Jazz was crucial to several Polish "youth films" in the '60s. Did that guide your use of it here?
All the music in the film is music I love, so it wasn't an intellectual choice, really. There's a mixture of lively music — some of it was the pop music of the early '60s, hillbilly rock and Italian-style kitsch music, which Poland was full of then. That was the music you'd hear on the radio then.
The jazz was more ambitious music — it started in the mid-to-late '50s. Poland became the capital of jazz in Europe. Jazz was banned in other countries, but in Poland it was allowed. Komeda, Namyslowski, Przybielski, Stańko — a lot of really, really great musicians came through. Coltrane was a huge influence, and "Naima" is one of my favourites, and in the scene [with Ida and a saxophone player who fancies her] it's a way of making her fall in love with him, not as an individual but as a cloud of associations.
What led to you to cast Agata Trzebuchowska, who'd never shot a film before, as Ida?
I am usually very open-minded about casting anyway.

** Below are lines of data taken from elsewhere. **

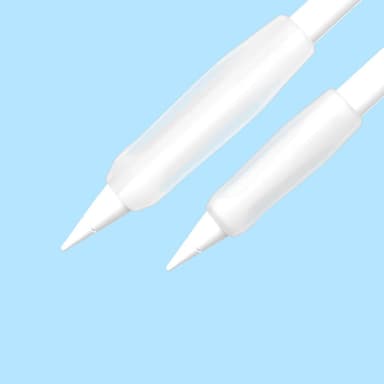 Paperlike Pencil Grips V2 for Apple Pencil (2-pakning)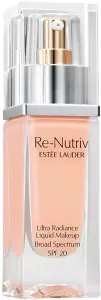 ESTEE LAUDER RE-NUTRIV ULTRA RADIANCE מייק אפ 1N2 SPF20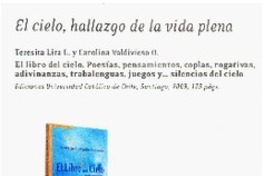 El Cielo, hallazgo de la vida plena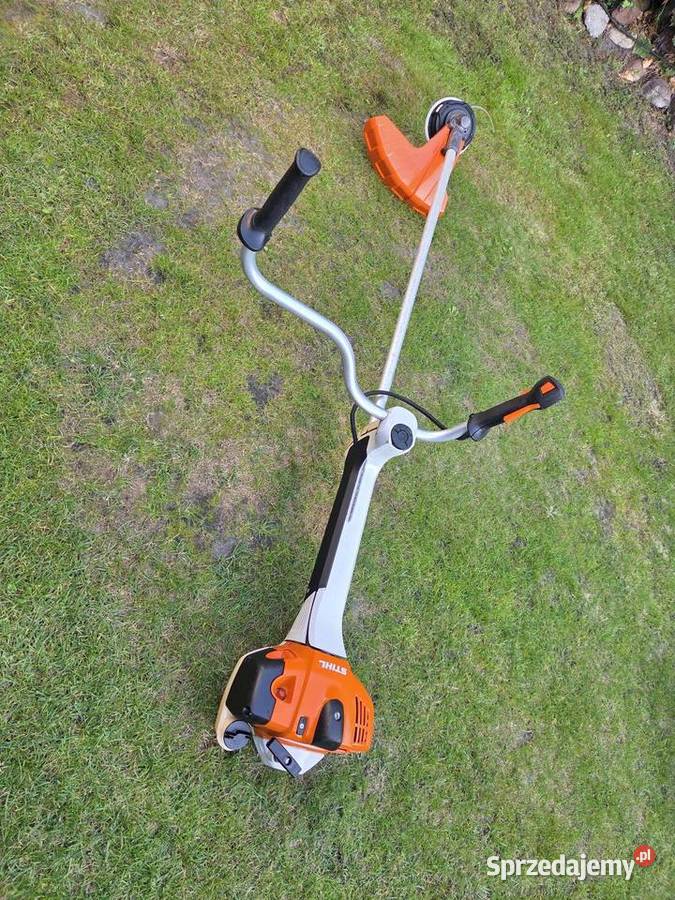 Kosa podkaszarka spalinowa STIHL FS460 30 Stan
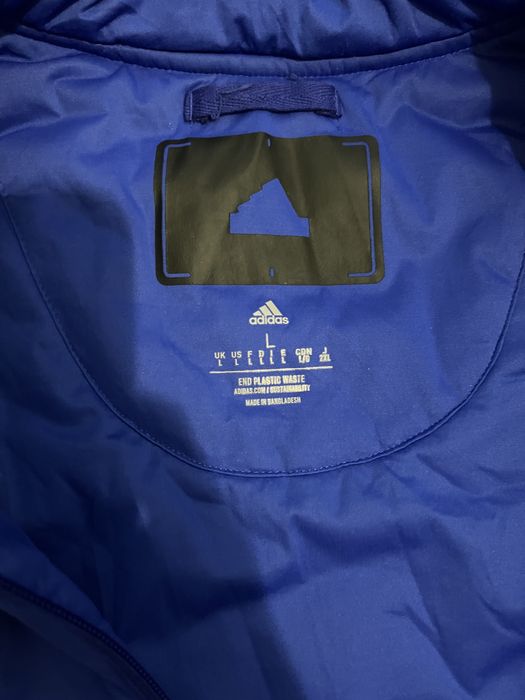 Мужская жилетка adidas
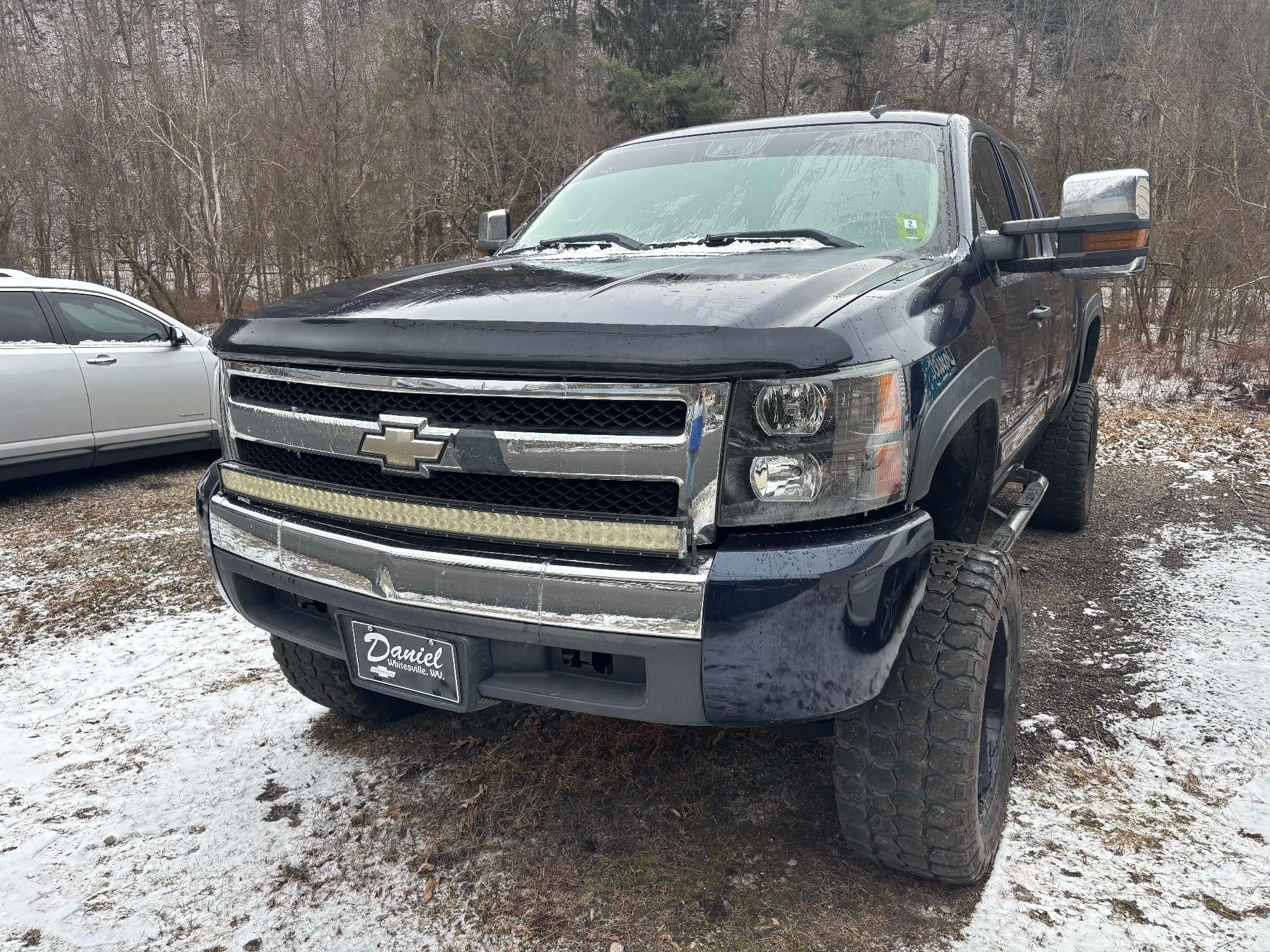 2008 Chevrolet Silverado 1500 LT w/1LT
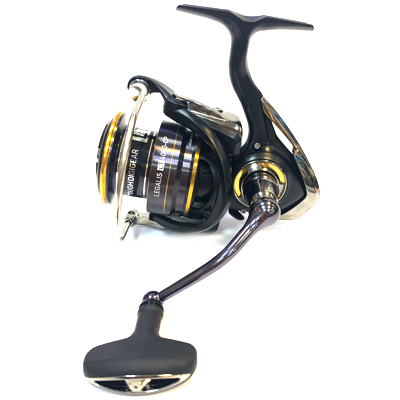 Катушка DAIWA 20 Legalis LT 4000-CP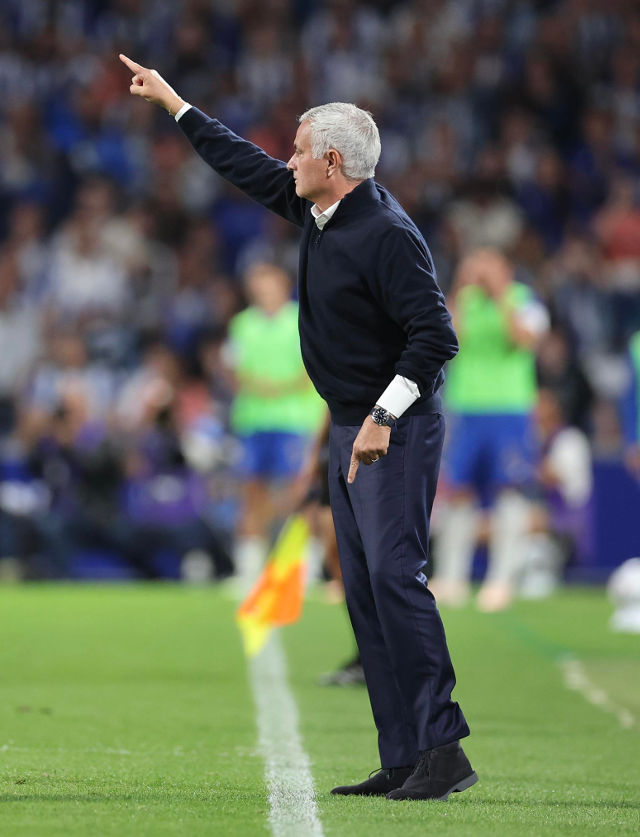 Jos&#233; Mourinho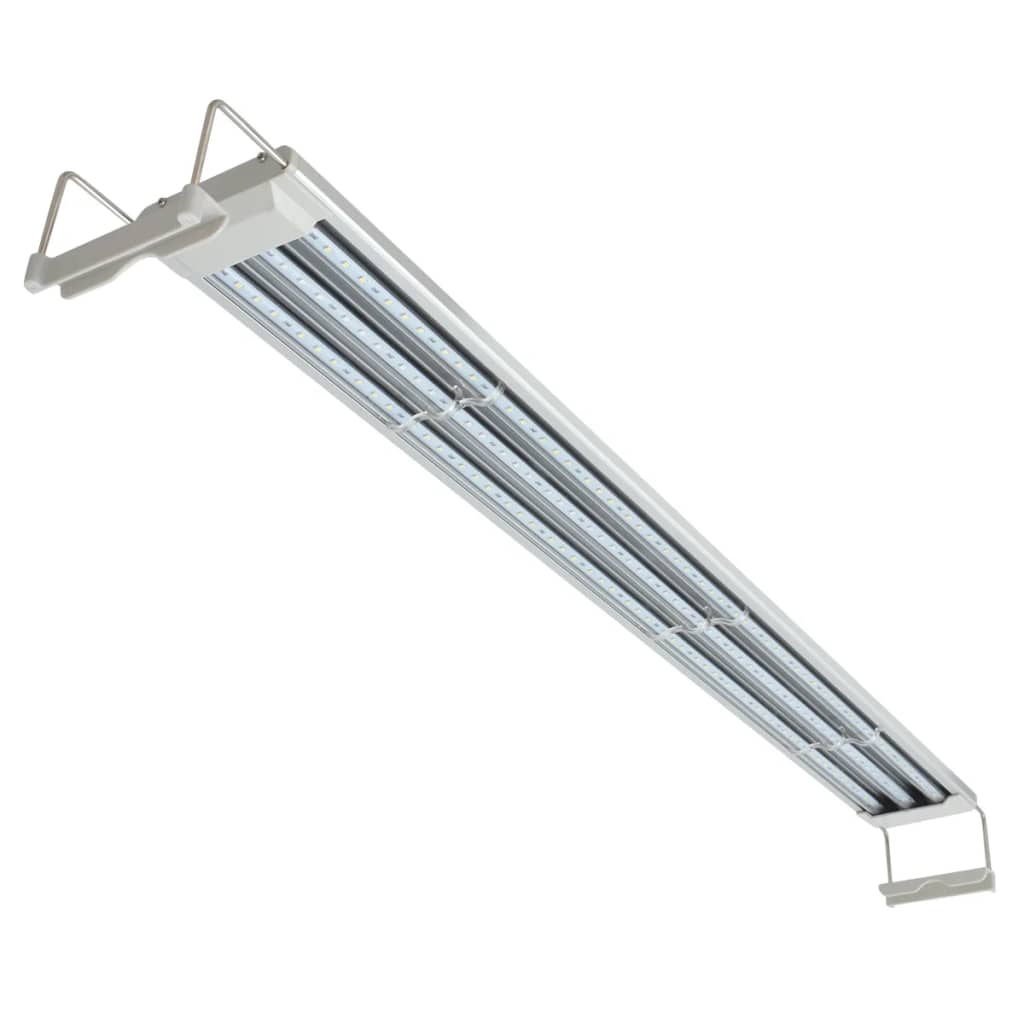 Lampă LED de acvariu, aluminiu, 100-110 cm, IP67 GartenMobel Dekor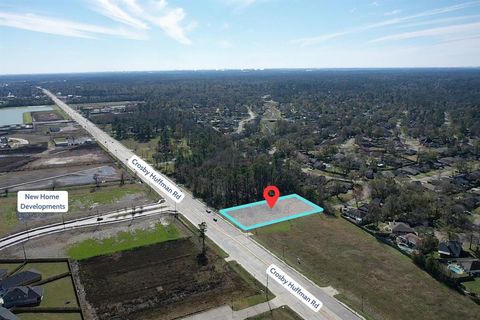 0 FM Crosby Lynchburg Road Crosby TX 77532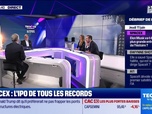 Replay Tech & Co, la quotidienne - SpaceX : l'IPO de tous les records - 11/06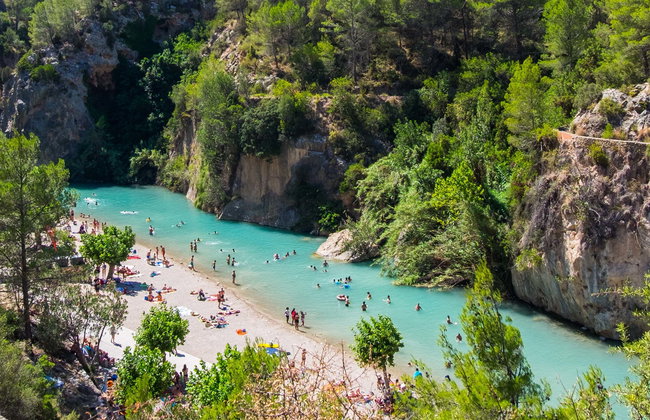 Excursión a Montanejos - Foto 1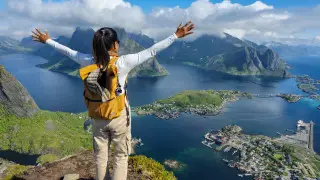 Ушла с работы ради путешествий: что нужно знать, прежде чем повторить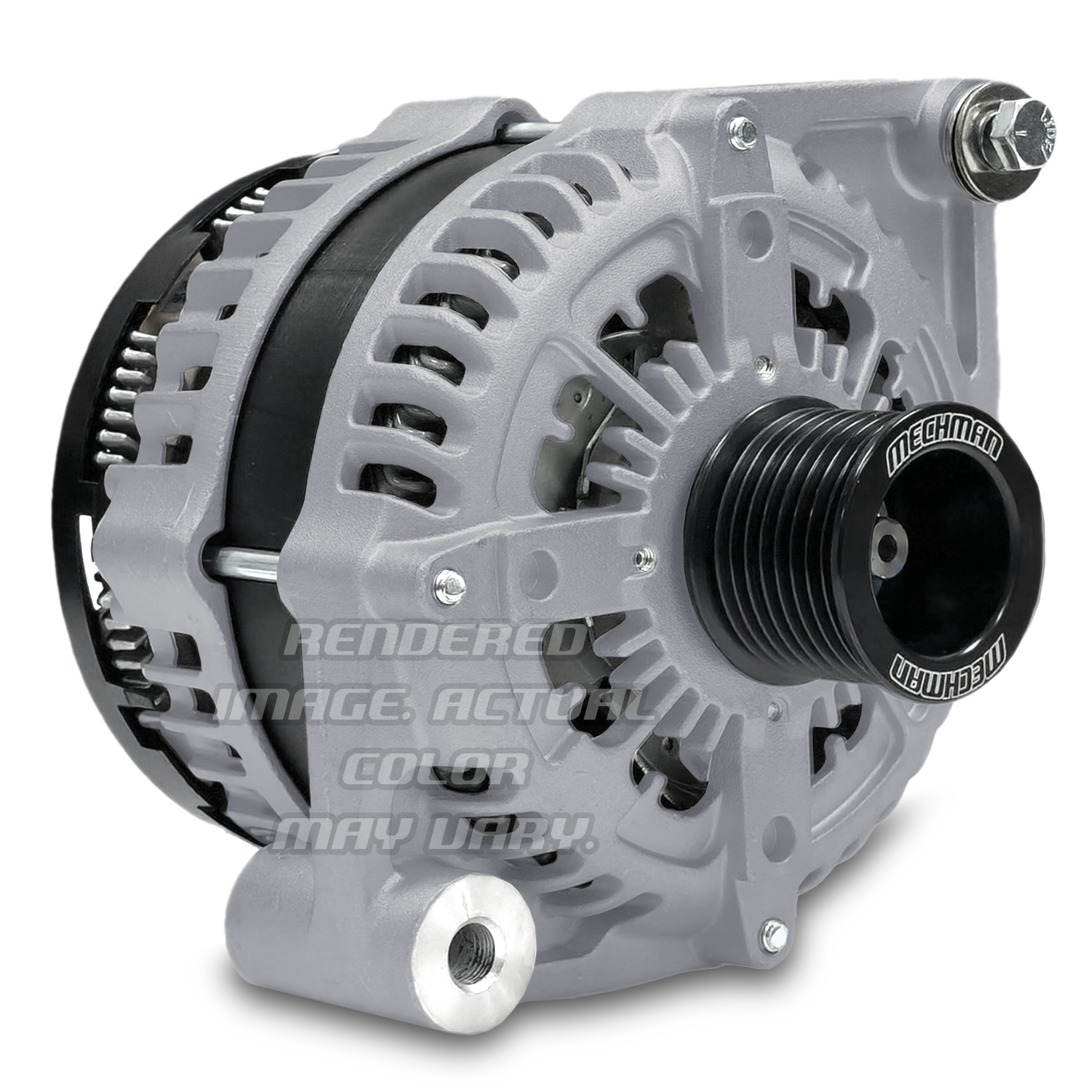 Mechman 400 Amp Alternator for Camaro / Impala / Caprice 1994 - 1996 5.7L (LT1) 3.8L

In My Summer of Love, I cast two young girls, Emily Blunt and Natalie Press, and Emily went on to be a well-known actress. [Agata] was just a girl, you know, she just felt right for the part. It wasn't like a big design, it's just that I couldn't find a good Ida for a long time among professional actors, so I ended up using a girl who we found at a café, who didn't want to act and still doesn't want to act, and whose refusal to act was just perfect. She doesn't believe in God at all, but in her atheism she's so coherent and calm and principled that it just felt like she's much closer to somebody who's deeply religious than girls who were telling me, "Ah, we always wanted to play nuns all our life."